= LGBTQ bookstores =

Bookstores catering to LGBTQ authors and themes

LGBTQ bookstores include bookstores specialising in books written by gay, lesbian, bisexual, trans or queer authors, or exploring LGBTQ themes. Some bookstores focus on specifically gay or lesbian literature, or genres including fiction, non fiction, pornography, or comic books.

== History of LGBTQ bookstores ==
Across the world, LGBTQ literature has faced overt censorship from governments, or mainstream stores have not stocked books by queer authors or about queer lives, limiting access to queer books. LGBTQ bookstores have arisen out of necessity, protest, or to celebrate LGBTQ literature and create a safe space for queer readers.

During the 1960s, printing became cheaper and less institutionally controlled due to the proliferation of photocopiers. Traditional publishers did not support LGBTQ publishing, but self-publishing and small presses allowed LGBTQ people to create literature on their own. These works were distributed by mail, word-of-mouth, and underground venues, until LGBTQ bookstores provided a platform for them. LGBTQ bookstores became more common during the 1970s along with feminist bookstores. By the 1980s, queer bookstores were present in multiple countries, including in over 20 North American cities.

=== Mail order LGBTQ bookstores ===
David K Johnson argues that LGBTQ literature was key to queer identity formation in the 20th century, which Katelyn Spencer has found is still true in the 21st century. Johnson notes that, to circumvent mainstream publishers, "gay men and lesbians developed their own ways of selling and distributing [books], first through mail-order book services and later through brick-and-mortar bookstores".

=== Censorship of mainstream bookstores ===
Mainstream bookstores have been subject to legal procedures or criminal damage because of displays of LGBTQ literature.

In July 2023, Lira, the Hungarian bookstore chain, was fined for selling unwrapped copies of the graphic novel Heartstopper, in contravention of laws against 'promotion' of homosexuality introduced by Viktor Orban's far-right government in 2021.

In June 2024, the Le Failler bookstore in France was vandalised for its display of rainbow flags at the entrance.

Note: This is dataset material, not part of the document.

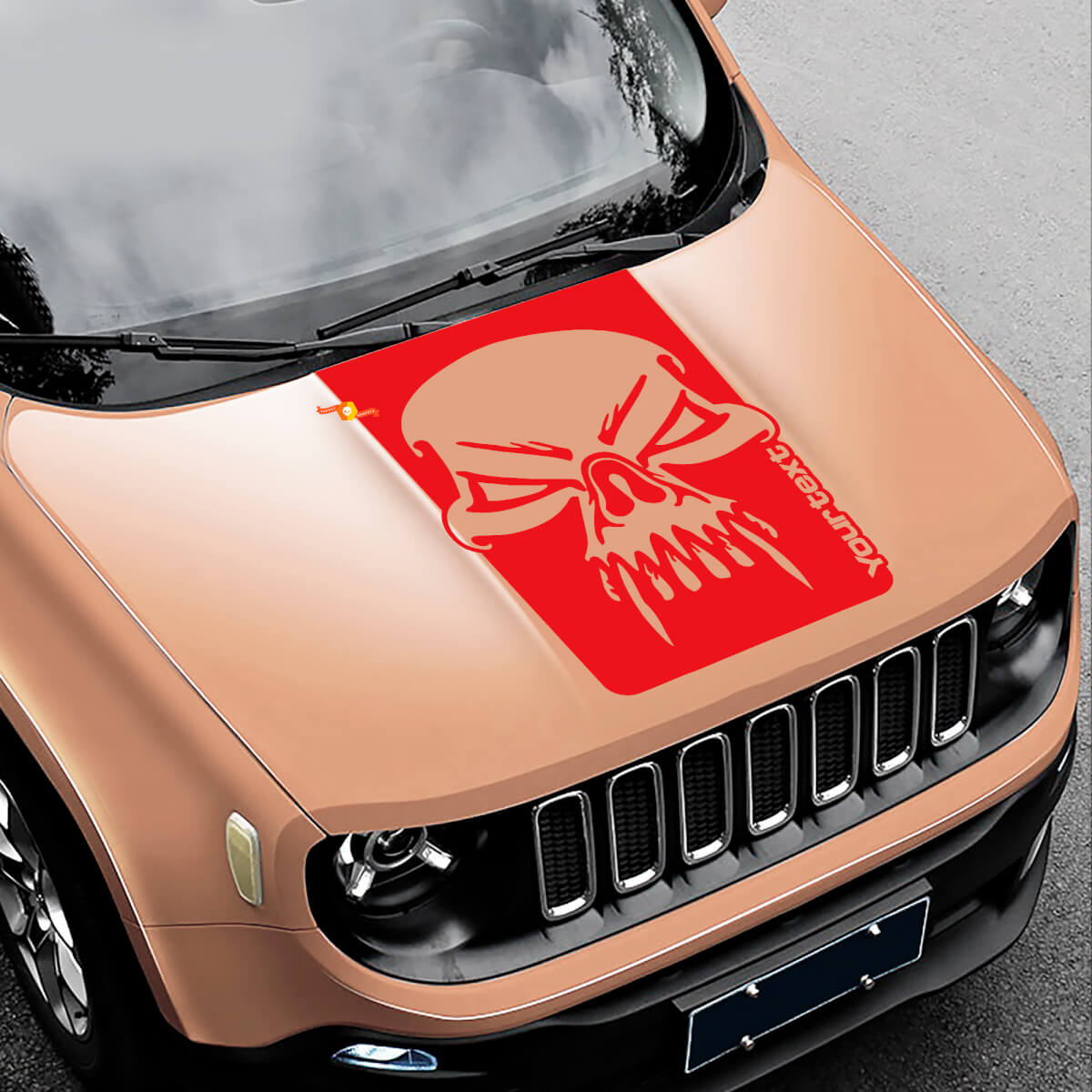 Totenkopf-Grunge-Grafik Motorhauben-Vinylaufkleber Seitenaufkleber für Jeep Renegade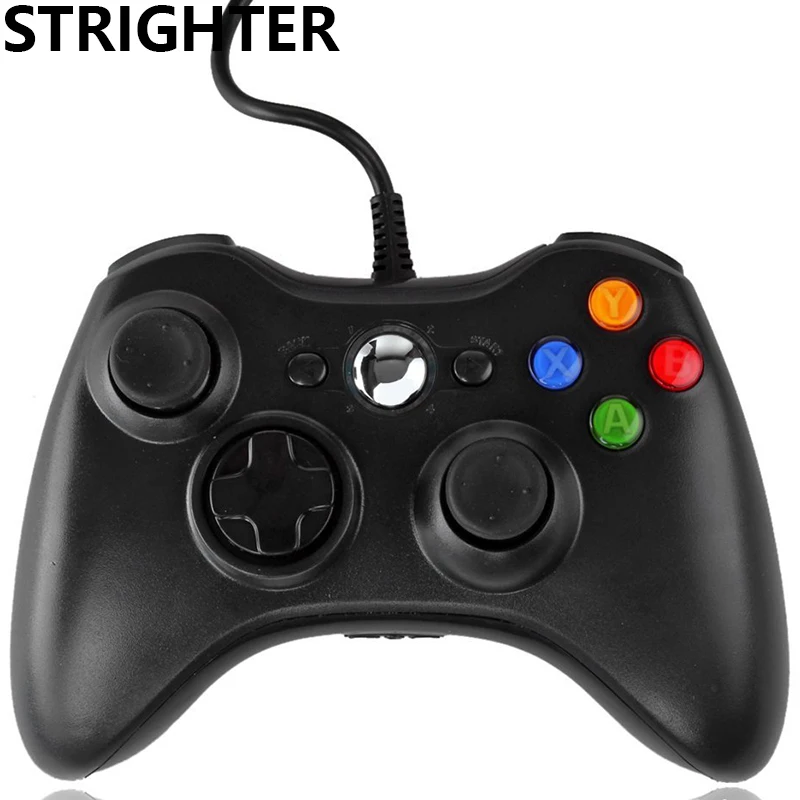 

Strighter USB Wired Gamepad Black Controller white Joypad For Xbox 360 Joystick For Official Microsoft PC for Windows 7 / 8 / 10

== Notable LGBTQ bookstores by country ==

=== Australia ===
The Bookshop was founded in 1982 by Les McDonald and Wayne Harrison in Sydney, two years before New South Wales decriminalised sex between men. The store closed in 2025.

=== Canada ===
Glad Day Bookshop opened in Toronto, Ontario in 1970. The shop has moved physical locations multiple times, including the most recent relocation to the Queen West neighbourhood in 2025.

Librairie L'Androgyne opened in Montreal in 1973 and closed in 2002.

=== France ===
Violette and Co, a store and cafe specialising in lesbian and feminist writing opened in Paris in 2004. It closed in 2022, but was reopened in 2024 following a crowdfunding campaign.

=== India ===
In 2010, Shobna Kumar founded Queer Ink, India's first queer bookstore. It began as an online bookseller, stocking titles in a variety of languages.

=== United States of America ===
Oscar Wilde Memorial Bookshop opened in New York in 1967 founded by Craig Rodwell, one mile away from the Stonewall Inn.

Gladys Books and Wine opened in September 2025 in Brooklyn, New York, as a specialist store for lesbian and feminist writing, with a focus on black lesbian stories and community.

=== United Kingdom ===
Gay's the Word, the first gay bookshop in England, opened in London in 1979. It was raided by police in 1984, under Section 28 anti-homosexuality laws brought in by Margaret Thatcher's Conservative government.

Lavender Menace was the first lesbian and gay bookshop in Scotland, opened in 1982 as a bricks and mortar store by Sigrid Nielsen and Bob Orr. The predecessor market stall, Open Gaze, had first opened in 1976 as an initiative of the Scottish Homosexual Rights Group’s Gay Information Centre.

=== Taiwan ===
Fembooks was the first feminist bookstore in the Chinese-speaking world, with its range including books on sexuality and gender.